Work to complete = The entries are to be returned exactly, with images left out.

Supplied information =
[Start of section]

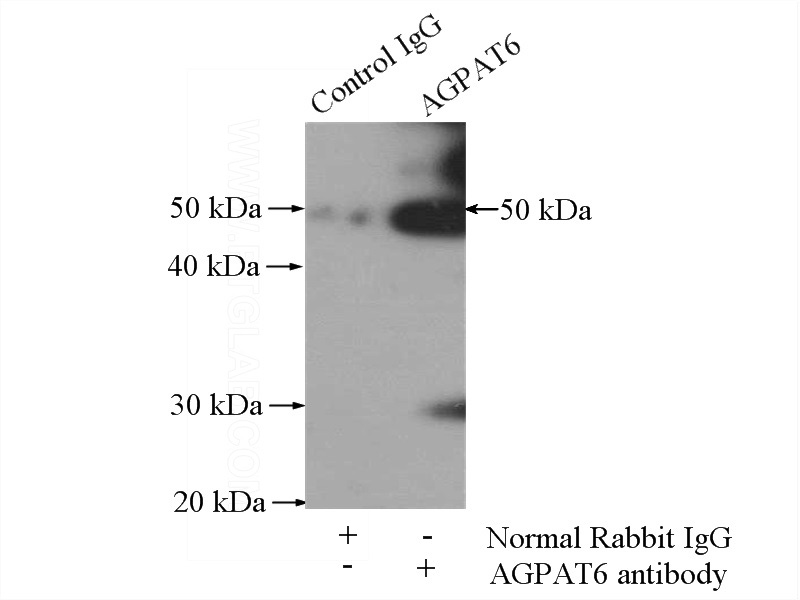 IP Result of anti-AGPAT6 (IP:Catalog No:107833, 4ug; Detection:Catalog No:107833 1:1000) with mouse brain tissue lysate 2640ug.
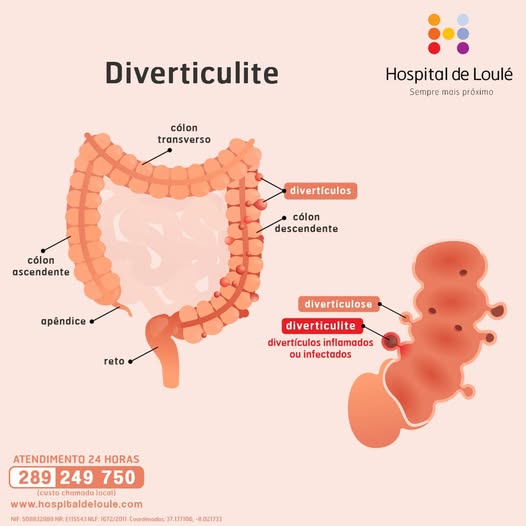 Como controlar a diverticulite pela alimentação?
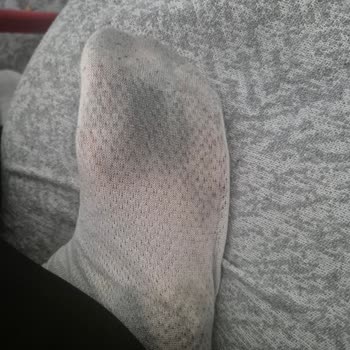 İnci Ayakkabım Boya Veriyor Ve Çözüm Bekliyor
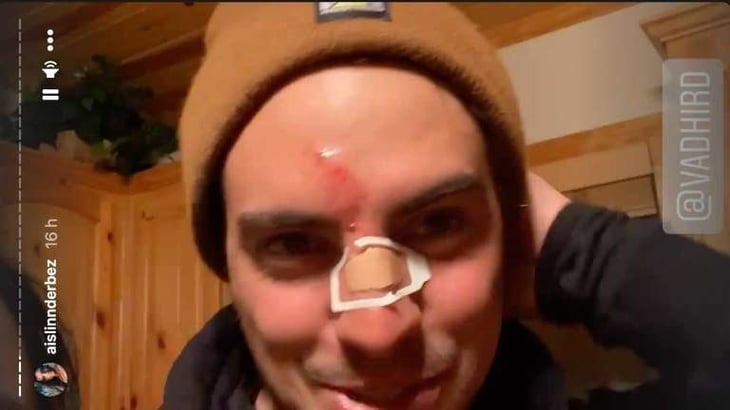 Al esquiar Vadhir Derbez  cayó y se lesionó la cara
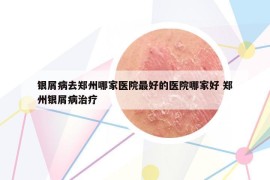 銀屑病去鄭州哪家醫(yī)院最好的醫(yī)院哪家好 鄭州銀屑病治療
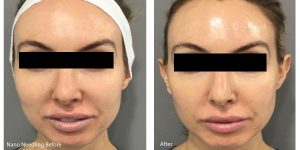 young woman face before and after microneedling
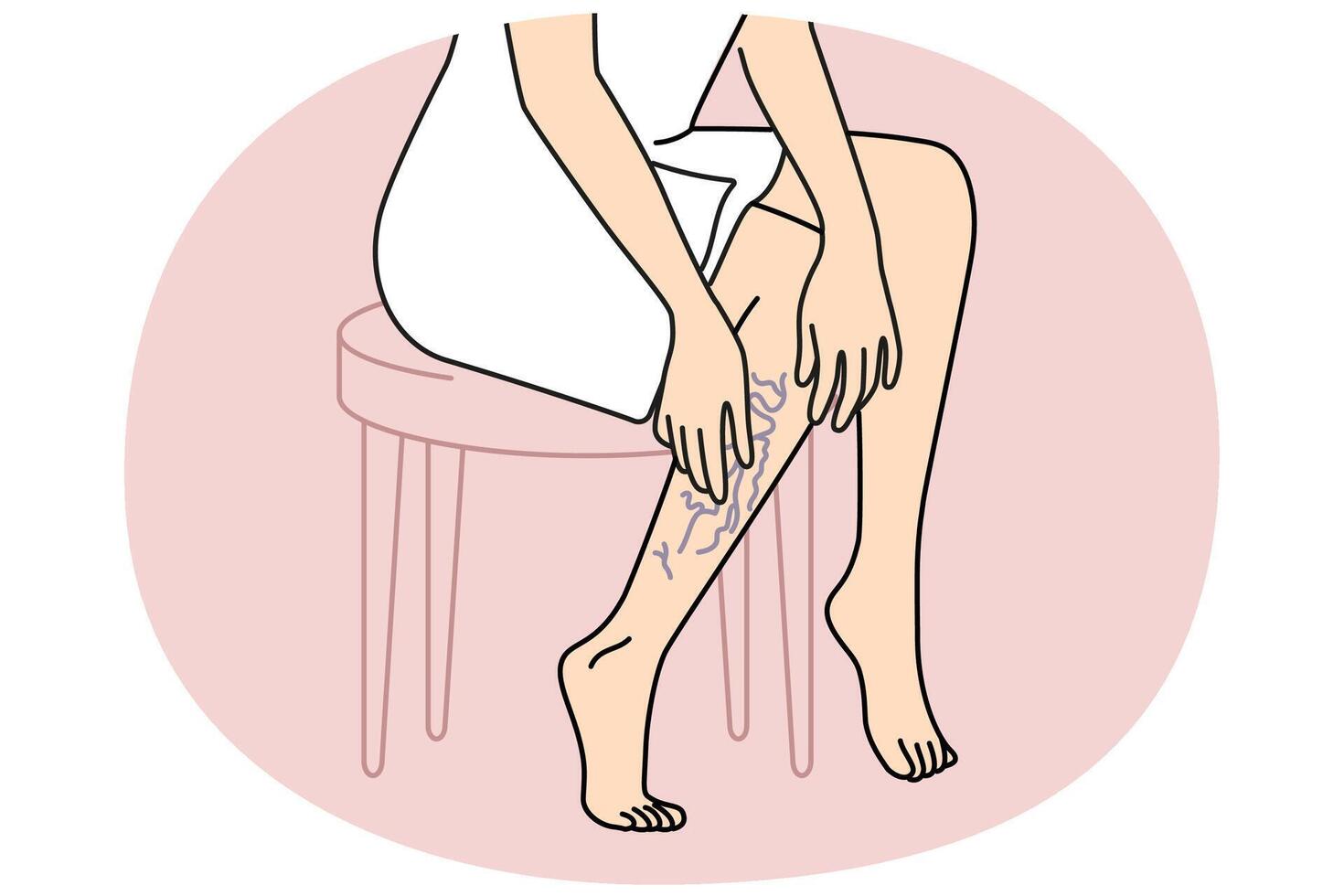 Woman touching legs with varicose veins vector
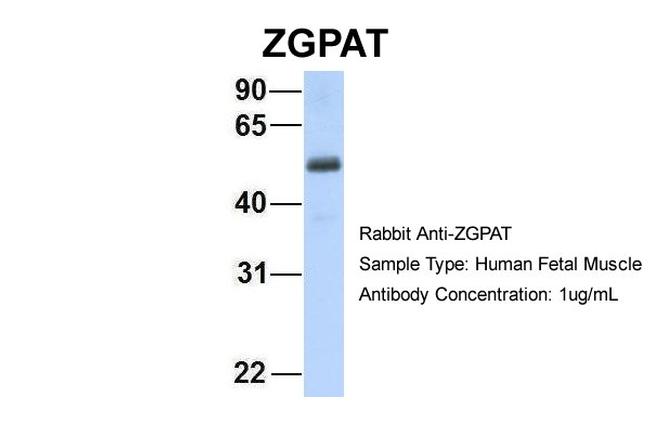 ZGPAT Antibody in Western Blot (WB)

[End of section]

Answer section =
 IP Result of anti-AGPAT6 (IP:Catalog No:107833, 4ug; Detection:Catalog No:107833 1:1000) with mouse brain tissue lysate 2640ug.
 Como controlar a diverticulite pela alimentação?
 İnci Ayakkabım Boya Veriyor Ve Çözüm Bekliyor
 Al esquiar Vadhir Derbez  cayó y se lesionó la cara
 銀屑病去鄭州哪家醫(yī)院最好的醫(yī)院哪家好 鄭州銀屑病治療
 young woman face before and after microneedling
 Woman touching legs with varicose veins vector
 ZGPAT Antibody in Western Blot (WB)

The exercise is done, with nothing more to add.